Normal people are stimulated by their emotional life, their meaningful ties to others, Stout writes. Psychopaths/sociopaths lack such a vibrant inner life so the pain of boredom can be almost constant, leading them to crave risky behaviour that will bring a momentary thrill, or to abuse alcohol and drugs. Up to 75 per cent of sociopaths are alcoholics.

The attack on Edmonton prostitute Rachel Quinney, where the killer removed her breasts and genitalia, is so extreme that it's difficult for normal people to comprehend such an act, but the nature of psychopathy likely provides insight. "Some psychopaths are capable of behaviour that normal people find not only horrific but baffling," Hare writes. "For example, they can torture and mutilate their victims with about the same sense of concern we feel when we carve a turkey for Thanksgiving dinner."

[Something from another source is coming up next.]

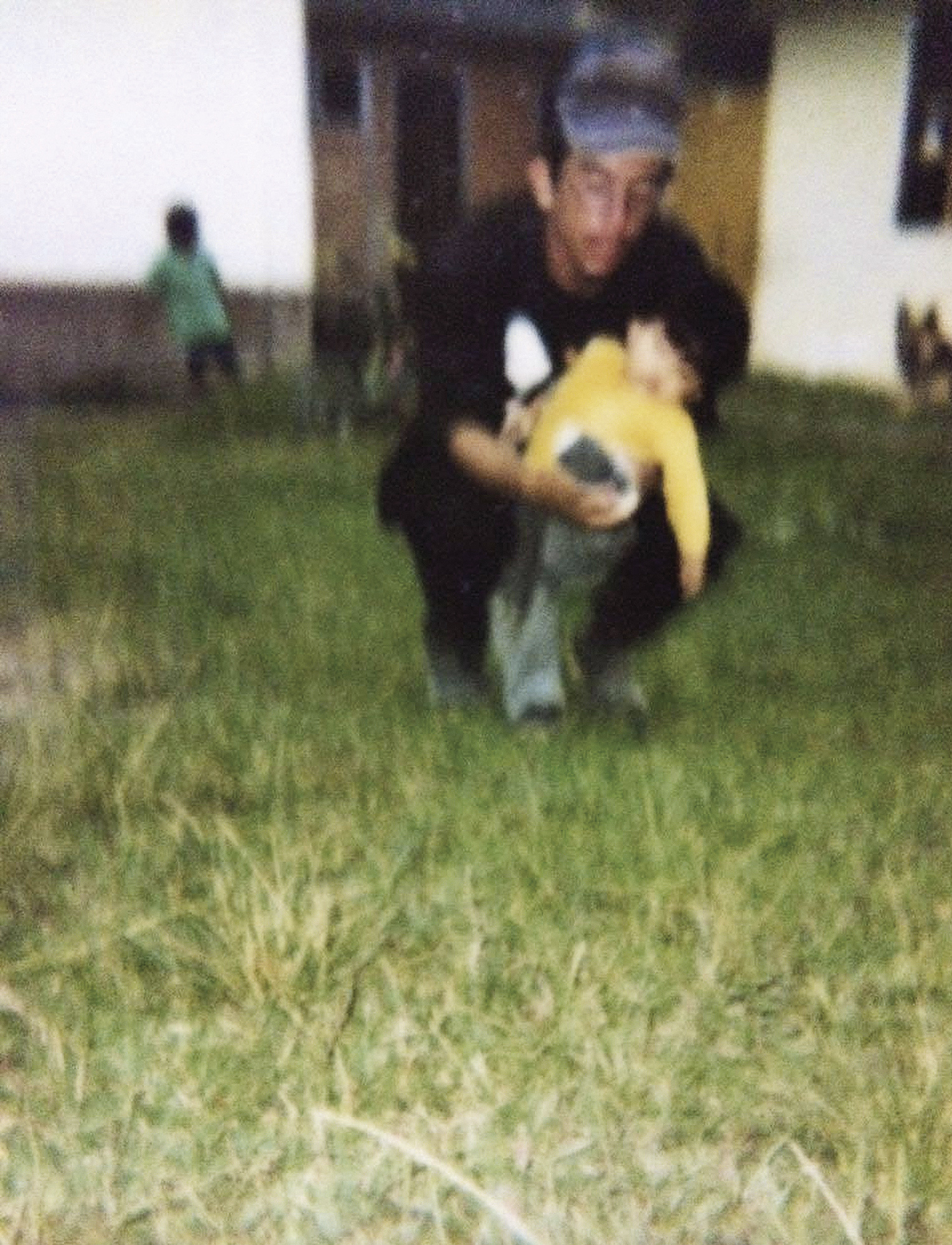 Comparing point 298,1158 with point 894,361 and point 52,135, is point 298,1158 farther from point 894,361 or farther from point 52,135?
point 894,361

In jail, psychopaths will often take courses designed to deal with their anger and empathy issues, but such programs make no positive change in such people, says Hare, and can, in fact, help them become better con men.

"Most therapies do little more than provide psychopaths with new excuses and rationalizations. ... They are a rich source of facile excuses for the psychopaths' behaviour: 'I was an abused child.' Or, 'I never learned to get in touch with my feelings.' "

Harvard's Stout notes it's never easy to detect a sociopath, as they are skilful in their games of deceit. But Stout says the single best clue in identifying the modern sociopath is to look for what she calls the pity play. "The most reliable sign, the most universal behaviour of unscrupulous people is not directed, as one might imagine, at our fearfulness. It is, perversely, an appeal to our sympathy."
The evil employ the pity play so often, Stout argues, simply because it is so effective. "Good people will let pathetic individuals get by with murder, so to speak, and therefore any sociopath wishing to continue with his game, whatever it happens to be, should play repeatedly for none other than pity."

Edmonton is no stranger to heinous murders and shocking trials of national interest, with both the Punky Gustavson and Nina Courtepatte murder cases going through the courts in recent years. But the trial of 40-year-old Thomas George Svekla also made headlines across Canada, mainly because prostitutes had been disappearing in northern Alberta since 1988. Their mutilated and decomposing bodies turned up repeatedly in fields on the east edge of the city.

A special RCMP task force, Project Kare, was created to hunt for the killer or killers. Police started fingerprinting and photographing working prostitutes in case they, too, disappeared -- and they did. In June 2004, police announced they were looking for a serial killer. In May 2006, Project Kare arrested Svekla for the murder of Theresa Innes, who was both a girlfriend of Svekla's and a prostitute in the northern Alberta community of High Level. Svekla remains the only person charged in connection with the prostitute homicides.

After his arrest, RCMP investigators told Svekla he was suspected of killing as many as 12 prostitutes, their deaths linked together by police profilers. But he was only ever charged with the murder of one other woman, Edmonton prostitute Rachel Quinney. On June 3, Justice Sterling Sanderman acquitted Svekla in the Quinney case, while convicting him for the murder of Innes.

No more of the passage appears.